The Group has met with stakeholders with lived experience, and from key government departments, civil society, community groups and institutions.
In line with the REEG’s Terms of Reference, these meetings are supporting efforts to strengthen the Government’s links with ethnic minority communities and enable constructive dialogue on the Government’s plans to tackle race inequalities.
Asked by: Bell Ribeiro-Addy (Labour - Clapham and Brixton Hill)
Question to the Home Office:
To ask the Secretary of State for the Home Department, whether she has conducted an analysis of the potential impact of the use of stop and search on (a) young people, (b) their immediate family, and (c) in their wider community on (i) the educational attainment, (ii) well-being, and (iii) life chances of children, especially those from racialised backgrounds.

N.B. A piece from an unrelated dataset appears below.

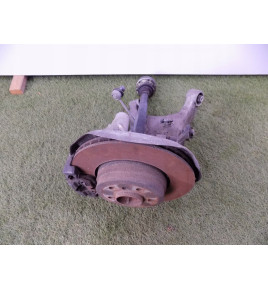 BMW 7 E65/66 - PRAVÝ ZÁVIT / OSA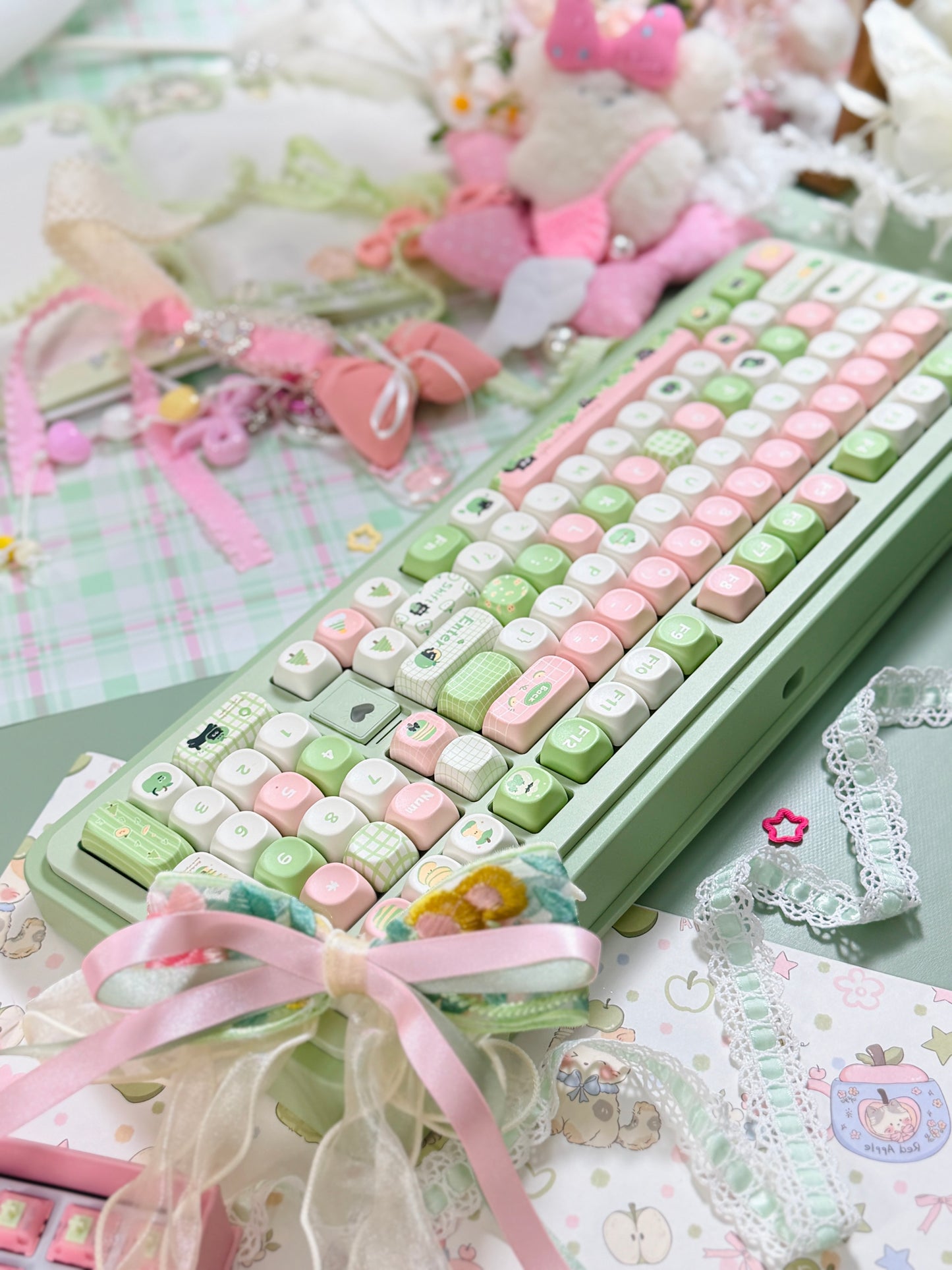 ONLY 1 Instock Prebuilt Aluminum Customized Mechanical Keyboard Rich98 Green Pink Set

Answered by Sarah Jones - Minister of State (Home Office)
Stop and search is a vital tool for tackling crime, but it must be exercised fairly and lawfully. Using ethnicity as a factor in deciding whether to stop and search someone, except where pursuing a specific description, is unlawful. Code A of the Police and Criminal Evidence Act 1984, referencing the Equality Act 2010, prohibits stops based on physical appearance. Supervision of officers and their use of stop and search powers rests with chief constables.
The Government supports the National Police Chiefs’ Council’s Police Race Action Plan, which promotes an anti-racist culture and commits chief constables to address disproportionality, ensuring decisions are based on evidence, not ethnicity. On stop and search in particular, the plan commits that chief constables will identify and address disproportionality in the use of stop and search, particularly in relation to searches of children.
Police performance is assessed by HMICFRS, which reviews stop and search as part of its inspection framework. Where misconduct is identified, the Independent Office for Police Conduct can impose sanctions, ensuring poor performance is addressed.
Stop and search disproportionately impacts particular ethnic groups, disparity rates have fallen recently. Last year, Black people were 3.8 times more likely to be stopped and searched than White people, 9.7 times in 2018/19. Data is key to tackling disparities, and the Home Office continues to work with forces to improve the collection and accuracy of ethnicity data. I am also aware that stop and search has the potential to impact young people, their families and educational attainment. We continue to monitor research on police powers to inform policy development.
Strip search is one of the most intrusive powers available to the police, and the Government is clear that such searches must only be conducted when absolutely necessary. While there will be circumstances in which such searches are required in order to protect people, prevent harm, or secure evidence, this must be done with full regard for the dignity and welfare of the individual involved, particularly where the individual is a child.
As set out in the Government’s Manifesto, we are committed to introducing new legal safeguards around the strip search of children. We are working closely with policing stakeholders to deliver this commitment.
The Government recognises the importance of transparency in ensuring that police powers, particularly those involving children, are properly used and subject to effective public scrutiny. Data on strip search is published by the Home Office on an annual basis. The latest data can be found here:
Police custody and pre-charge bail, year ending March 2024 - GOV.UK
Stop and search, arrests, and mental health detentions, March 2025 - GOV.UK
We keep this under regular review.
Asked by: Navendu Mishra (Labour - Stockport)
Question to the Ministry of Housing, Communities and Local Government:
To ask the Secretary of State for Housing, Communities and Local Government, what recent assessment his Department has made of trends in levels of (a) Hinduphobia and (b) anti-Hindu sentiment.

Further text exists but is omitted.